Imagine we had 5 NAEP Reading tests. And 2 of them showed no DIF and no measure non-invariance. Imagine that the H/W difference on these 2 tests was 0.65. This would provide evidence that there was a "true" population level latent H/W ability difference of 0.65 SD, no? Now imagine we had 3 other NAEP tests for which DIF and measure non-invariance were found, but adjusted scores were not presented. Imagine that these 3 tests also showed an average score difference of 0.65 SD. Knowing nothing else, we can infer that the psychometric bias on the latter 3 tests is not accounting for much of the average 0.65 H/W score difference because the evidence show that there is, in fact, a 0.65 SD latent ability difference.

I understand what you mean, And i think I said something like this earlier. My point is that your argument is correct only if the first 2 NAEP (invariant; d=0.65) and last 3 NAEP (non-invariant; d=0.65) test have the same or similar properties (note; if that happens, there is some indirect evidence that the bias is not cumulative, while I'm talking about cumulative bias, since non-cumulative bias is generally irrelevant when it concerns IQ). Why I said earlier that most people (including practioners) do not understand what measurement equivalence/invariance is, has to do with test composition. When MI is violated, this means that the group difference differs depending on the kind of subtest/items the test is composed of. This is probably why Wicherts said something like "scores are not comparable" when MI is not fulfilled. It's not 100% wrong, but it's highly misleading.
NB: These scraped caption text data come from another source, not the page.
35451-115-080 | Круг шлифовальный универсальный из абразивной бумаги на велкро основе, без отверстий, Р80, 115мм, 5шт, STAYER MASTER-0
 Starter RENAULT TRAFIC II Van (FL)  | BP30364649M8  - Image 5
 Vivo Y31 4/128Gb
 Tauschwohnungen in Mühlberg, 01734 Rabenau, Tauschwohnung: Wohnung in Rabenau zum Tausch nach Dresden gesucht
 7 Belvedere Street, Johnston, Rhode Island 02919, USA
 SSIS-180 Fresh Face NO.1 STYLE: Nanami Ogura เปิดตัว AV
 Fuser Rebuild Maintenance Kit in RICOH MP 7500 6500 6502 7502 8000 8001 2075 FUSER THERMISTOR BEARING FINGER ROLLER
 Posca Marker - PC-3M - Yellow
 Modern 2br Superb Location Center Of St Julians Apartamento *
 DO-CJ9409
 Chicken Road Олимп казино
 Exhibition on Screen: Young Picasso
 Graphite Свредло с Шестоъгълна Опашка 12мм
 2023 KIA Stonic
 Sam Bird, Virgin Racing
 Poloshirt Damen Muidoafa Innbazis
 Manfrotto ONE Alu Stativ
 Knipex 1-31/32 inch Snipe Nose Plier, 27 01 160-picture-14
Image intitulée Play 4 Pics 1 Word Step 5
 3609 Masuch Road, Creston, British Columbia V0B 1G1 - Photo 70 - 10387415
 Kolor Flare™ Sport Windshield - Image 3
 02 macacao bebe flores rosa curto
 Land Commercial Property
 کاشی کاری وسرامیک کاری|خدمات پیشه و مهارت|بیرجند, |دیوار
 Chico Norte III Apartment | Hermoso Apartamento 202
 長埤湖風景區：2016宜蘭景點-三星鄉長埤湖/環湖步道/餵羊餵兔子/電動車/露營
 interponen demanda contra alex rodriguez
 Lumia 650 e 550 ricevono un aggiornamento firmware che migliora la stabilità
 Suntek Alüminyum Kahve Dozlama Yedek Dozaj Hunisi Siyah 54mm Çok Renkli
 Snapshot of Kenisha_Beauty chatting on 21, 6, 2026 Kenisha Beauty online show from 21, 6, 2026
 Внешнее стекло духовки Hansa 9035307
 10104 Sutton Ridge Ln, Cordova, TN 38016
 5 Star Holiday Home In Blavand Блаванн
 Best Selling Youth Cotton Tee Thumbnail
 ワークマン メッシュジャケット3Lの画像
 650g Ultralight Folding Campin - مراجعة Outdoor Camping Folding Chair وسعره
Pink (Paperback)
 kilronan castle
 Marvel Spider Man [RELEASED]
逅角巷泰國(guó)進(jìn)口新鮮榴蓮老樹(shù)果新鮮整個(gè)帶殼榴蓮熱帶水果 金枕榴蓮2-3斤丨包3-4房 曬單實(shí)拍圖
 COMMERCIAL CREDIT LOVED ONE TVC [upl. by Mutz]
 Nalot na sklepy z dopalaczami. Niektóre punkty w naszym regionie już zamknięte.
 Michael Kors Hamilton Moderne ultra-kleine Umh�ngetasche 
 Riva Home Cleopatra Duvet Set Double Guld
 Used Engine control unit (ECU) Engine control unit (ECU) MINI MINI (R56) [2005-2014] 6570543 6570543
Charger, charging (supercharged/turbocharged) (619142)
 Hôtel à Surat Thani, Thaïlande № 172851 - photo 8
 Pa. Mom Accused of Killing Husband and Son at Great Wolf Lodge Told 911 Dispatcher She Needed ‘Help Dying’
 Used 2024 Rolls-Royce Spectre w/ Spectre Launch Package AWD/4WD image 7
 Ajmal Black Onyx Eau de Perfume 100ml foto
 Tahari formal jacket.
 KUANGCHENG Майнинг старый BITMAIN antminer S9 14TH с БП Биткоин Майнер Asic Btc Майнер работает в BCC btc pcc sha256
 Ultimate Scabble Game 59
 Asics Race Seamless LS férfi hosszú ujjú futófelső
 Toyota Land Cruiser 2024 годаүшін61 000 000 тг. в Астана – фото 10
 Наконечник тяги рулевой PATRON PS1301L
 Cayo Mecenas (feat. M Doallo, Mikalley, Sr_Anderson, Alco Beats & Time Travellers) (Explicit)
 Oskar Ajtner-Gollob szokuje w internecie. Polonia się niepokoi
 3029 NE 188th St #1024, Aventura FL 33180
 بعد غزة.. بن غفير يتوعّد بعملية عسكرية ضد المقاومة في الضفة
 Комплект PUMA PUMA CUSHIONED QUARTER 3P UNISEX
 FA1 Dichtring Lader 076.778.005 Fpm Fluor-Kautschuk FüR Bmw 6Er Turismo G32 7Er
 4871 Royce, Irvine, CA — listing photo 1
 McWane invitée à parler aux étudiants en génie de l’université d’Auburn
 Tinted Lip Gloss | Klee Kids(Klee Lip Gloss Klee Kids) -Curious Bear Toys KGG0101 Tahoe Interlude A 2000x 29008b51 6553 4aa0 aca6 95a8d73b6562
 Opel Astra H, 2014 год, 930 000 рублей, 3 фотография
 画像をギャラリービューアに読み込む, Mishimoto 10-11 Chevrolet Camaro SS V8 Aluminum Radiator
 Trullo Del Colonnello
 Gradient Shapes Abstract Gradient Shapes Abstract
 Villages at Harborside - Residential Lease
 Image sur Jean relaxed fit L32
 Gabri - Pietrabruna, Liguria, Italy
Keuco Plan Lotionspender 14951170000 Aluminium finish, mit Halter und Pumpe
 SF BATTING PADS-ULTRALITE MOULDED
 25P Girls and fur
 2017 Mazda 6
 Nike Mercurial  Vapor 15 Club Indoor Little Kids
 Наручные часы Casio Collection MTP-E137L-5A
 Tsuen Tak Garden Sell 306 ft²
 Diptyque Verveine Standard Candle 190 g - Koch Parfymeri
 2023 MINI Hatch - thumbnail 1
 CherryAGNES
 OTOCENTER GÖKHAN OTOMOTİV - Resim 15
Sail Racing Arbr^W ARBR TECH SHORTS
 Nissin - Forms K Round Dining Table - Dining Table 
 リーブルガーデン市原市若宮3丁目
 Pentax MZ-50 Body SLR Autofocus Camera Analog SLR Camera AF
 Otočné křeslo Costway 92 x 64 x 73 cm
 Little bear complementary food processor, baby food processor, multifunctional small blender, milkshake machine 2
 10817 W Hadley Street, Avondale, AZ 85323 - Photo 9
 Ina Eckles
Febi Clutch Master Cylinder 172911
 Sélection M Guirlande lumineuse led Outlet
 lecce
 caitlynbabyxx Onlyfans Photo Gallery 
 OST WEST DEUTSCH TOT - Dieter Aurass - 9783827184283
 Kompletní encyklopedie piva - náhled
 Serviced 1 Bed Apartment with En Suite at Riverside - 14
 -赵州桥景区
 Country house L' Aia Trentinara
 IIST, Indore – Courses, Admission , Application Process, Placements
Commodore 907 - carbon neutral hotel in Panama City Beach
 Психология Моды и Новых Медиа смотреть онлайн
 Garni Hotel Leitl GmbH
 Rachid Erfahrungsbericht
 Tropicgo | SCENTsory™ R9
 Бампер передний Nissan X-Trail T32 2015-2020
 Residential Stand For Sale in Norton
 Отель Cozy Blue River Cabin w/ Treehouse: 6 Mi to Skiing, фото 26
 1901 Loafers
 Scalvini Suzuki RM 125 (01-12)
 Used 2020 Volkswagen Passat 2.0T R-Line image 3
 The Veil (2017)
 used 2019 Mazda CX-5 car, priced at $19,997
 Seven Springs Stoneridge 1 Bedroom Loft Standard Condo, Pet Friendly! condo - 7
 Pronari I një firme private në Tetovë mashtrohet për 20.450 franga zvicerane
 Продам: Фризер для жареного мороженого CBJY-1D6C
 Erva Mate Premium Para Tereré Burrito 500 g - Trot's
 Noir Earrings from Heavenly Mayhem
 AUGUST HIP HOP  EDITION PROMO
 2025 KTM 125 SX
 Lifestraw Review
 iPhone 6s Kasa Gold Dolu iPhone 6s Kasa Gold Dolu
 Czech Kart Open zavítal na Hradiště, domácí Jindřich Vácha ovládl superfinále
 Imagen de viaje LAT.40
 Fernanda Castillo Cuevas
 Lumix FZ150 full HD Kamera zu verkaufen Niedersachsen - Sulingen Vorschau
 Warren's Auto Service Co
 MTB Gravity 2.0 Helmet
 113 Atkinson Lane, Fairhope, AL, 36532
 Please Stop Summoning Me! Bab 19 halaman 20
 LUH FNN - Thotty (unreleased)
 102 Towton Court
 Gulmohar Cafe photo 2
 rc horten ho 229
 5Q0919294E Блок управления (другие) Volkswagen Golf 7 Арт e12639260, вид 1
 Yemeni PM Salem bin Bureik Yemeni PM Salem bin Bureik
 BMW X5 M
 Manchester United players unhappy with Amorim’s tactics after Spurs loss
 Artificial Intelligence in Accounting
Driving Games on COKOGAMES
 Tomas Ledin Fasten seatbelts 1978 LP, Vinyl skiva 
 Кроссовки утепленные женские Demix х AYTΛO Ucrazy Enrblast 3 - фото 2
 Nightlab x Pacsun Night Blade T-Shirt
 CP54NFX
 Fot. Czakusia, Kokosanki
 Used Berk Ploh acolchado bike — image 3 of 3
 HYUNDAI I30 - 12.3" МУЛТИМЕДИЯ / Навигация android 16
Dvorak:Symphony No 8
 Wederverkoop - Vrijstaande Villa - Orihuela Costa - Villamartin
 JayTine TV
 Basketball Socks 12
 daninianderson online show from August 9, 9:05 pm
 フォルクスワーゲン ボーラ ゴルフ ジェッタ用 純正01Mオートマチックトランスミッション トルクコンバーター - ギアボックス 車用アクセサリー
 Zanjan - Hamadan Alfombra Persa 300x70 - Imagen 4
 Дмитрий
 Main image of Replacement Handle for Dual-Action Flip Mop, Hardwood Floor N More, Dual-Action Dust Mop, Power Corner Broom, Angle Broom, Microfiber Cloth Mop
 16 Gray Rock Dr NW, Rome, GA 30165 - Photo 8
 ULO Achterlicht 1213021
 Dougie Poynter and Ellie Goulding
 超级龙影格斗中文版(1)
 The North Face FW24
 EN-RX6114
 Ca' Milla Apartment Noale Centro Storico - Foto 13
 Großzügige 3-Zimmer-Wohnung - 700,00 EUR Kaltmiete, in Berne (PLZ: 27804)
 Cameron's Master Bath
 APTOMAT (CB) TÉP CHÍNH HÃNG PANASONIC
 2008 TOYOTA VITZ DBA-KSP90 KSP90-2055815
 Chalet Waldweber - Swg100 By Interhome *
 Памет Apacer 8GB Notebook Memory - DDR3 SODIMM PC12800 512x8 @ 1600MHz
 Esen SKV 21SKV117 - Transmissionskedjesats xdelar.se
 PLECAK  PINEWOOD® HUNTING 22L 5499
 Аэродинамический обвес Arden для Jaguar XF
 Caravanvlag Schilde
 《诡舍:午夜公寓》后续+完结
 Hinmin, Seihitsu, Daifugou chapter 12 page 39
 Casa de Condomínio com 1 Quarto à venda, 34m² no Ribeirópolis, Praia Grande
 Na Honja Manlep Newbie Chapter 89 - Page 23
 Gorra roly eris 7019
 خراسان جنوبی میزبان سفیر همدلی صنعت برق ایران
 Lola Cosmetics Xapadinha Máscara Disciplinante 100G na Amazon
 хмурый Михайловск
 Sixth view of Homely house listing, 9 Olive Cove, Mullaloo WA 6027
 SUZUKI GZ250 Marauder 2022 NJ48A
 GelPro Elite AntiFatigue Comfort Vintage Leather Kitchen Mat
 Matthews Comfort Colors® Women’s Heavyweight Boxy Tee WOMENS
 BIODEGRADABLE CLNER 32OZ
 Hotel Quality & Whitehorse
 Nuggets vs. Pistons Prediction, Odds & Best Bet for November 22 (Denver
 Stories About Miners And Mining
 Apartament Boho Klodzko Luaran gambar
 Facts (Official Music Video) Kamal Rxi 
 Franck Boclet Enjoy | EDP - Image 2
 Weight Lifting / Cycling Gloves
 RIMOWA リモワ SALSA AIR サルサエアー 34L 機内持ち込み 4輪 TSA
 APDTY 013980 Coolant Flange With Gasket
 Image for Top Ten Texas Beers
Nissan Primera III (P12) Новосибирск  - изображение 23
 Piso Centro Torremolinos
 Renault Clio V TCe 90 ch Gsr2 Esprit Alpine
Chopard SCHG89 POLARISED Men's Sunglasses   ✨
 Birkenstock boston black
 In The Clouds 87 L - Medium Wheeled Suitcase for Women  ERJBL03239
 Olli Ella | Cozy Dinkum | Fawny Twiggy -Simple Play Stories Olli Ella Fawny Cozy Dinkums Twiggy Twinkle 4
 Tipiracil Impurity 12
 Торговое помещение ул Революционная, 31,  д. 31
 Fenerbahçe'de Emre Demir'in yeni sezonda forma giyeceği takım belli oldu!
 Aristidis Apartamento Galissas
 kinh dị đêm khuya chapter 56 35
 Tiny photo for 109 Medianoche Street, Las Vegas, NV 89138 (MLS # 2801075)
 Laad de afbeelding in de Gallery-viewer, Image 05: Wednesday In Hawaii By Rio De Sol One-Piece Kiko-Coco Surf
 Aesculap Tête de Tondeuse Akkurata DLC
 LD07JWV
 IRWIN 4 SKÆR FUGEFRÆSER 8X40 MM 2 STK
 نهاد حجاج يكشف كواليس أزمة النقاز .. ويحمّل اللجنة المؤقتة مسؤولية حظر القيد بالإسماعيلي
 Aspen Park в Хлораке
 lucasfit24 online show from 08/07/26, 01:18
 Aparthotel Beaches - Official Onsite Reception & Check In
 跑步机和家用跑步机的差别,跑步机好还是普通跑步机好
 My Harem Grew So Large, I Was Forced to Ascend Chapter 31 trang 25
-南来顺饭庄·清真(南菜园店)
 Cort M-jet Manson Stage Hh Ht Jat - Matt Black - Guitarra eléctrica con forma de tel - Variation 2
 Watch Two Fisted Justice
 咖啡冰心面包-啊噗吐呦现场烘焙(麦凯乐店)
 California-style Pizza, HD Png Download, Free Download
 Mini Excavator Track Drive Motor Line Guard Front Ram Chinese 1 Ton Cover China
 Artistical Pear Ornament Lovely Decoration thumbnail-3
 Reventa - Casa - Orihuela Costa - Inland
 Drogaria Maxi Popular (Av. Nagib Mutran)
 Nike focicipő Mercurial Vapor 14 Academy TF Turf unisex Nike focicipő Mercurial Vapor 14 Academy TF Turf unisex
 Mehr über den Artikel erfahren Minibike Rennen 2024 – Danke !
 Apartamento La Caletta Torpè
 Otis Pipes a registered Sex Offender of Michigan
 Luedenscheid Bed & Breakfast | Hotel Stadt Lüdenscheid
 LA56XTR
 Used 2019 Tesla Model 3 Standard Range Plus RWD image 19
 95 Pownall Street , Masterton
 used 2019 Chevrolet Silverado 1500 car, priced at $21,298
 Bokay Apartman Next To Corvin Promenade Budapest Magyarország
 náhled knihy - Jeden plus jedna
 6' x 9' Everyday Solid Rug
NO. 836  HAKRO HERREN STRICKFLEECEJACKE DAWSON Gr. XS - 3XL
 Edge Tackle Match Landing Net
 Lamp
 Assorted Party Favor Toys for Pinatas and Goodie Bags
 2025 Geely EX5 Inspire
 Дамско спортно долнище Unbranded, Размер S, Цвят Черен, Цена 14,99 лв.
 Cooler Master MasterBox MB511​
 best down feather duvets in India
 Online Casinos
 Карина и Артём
However, when you are talking about tests tapping into different cognitive dimensions (e.g., reading vs. math, achievement vs. IQ) the assumption that the tests have similar properties is very likely to be violated. And in this case, generalizability becomes impossible.

-----

Oh, concerning the median/mean issue...

You can use the following

=MEDIAN(F47:F64)

When you do this, the d gap for blacks are 1.05, 0.85, 1.00, while using means you have 0.98, 0.80, 0.98.